TASK BRIEF: Among the entries below, find the lines that hold the word "studio" and report them.

RECORDS FOR PROCESSING:
Content starts
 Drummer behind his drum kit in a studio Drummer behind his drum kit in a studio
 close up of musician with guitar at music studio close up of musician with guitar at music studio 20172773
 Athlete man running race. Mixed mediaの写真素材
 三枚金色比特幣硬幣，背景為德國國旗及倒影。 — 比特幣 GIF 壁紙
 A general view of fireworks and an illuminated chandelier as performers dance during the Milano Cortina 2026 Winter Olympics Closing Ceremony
Content ends
Content starts
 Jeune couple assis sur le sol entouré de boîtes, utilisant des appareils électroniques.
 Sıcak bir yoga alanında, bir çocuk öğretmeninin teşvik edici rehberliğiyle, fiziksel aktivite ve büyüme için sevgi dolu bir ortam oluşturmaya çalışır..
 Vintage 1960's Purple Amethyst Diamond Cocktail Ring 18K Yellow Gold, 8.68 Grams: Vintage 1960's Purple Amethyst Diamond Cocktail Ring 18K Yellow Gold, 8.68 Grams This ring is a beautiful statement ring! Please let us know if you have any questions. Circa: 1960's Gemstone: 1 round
Content ends
Content starts
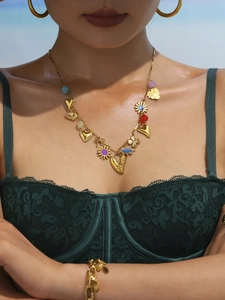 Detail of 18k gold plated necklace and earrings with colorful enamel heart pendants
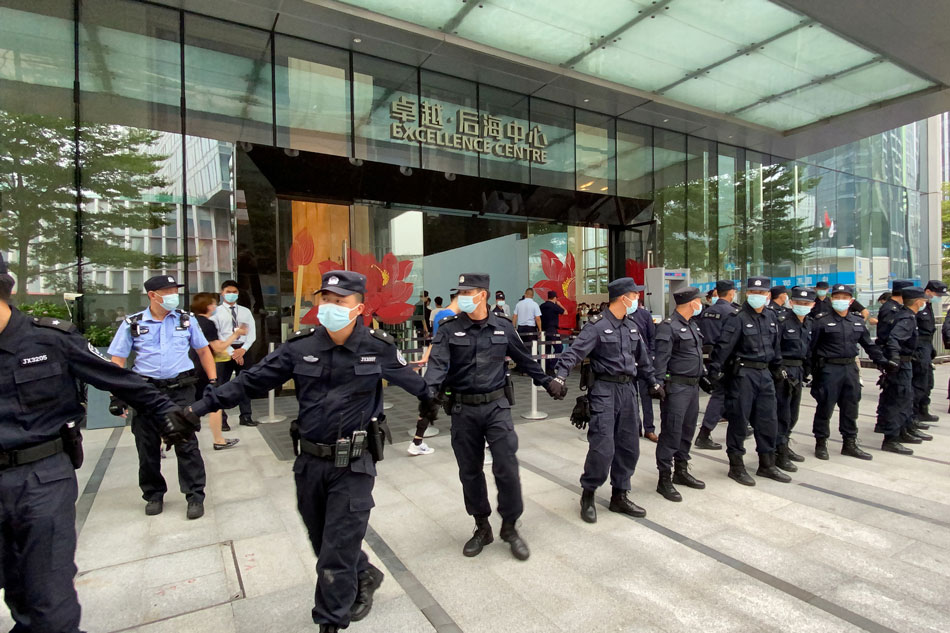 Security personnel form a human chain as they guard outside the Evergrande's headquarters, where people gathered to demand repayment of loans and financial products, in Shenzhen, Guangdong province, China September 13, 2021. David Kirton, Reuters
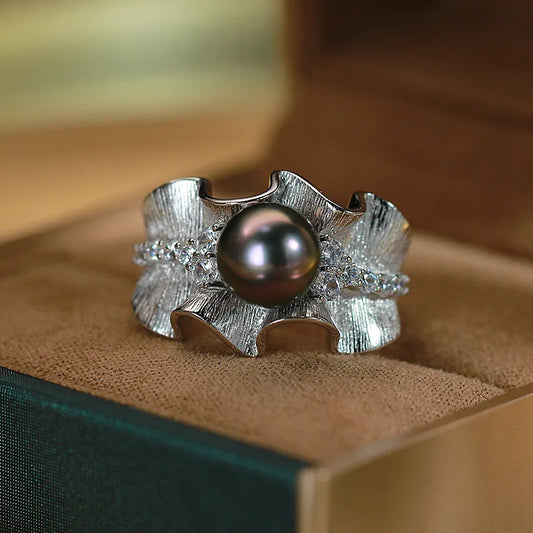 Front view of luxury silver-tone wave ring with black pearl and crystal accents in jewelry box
Content ends
SOLUTION FOR THIS EXERCISE:
 Drummer behind his drum kit in a studio Drummer behind his drum kit in a studio
 close up of musician with guitar at music studio close up of musician with guitar at music studio 20172773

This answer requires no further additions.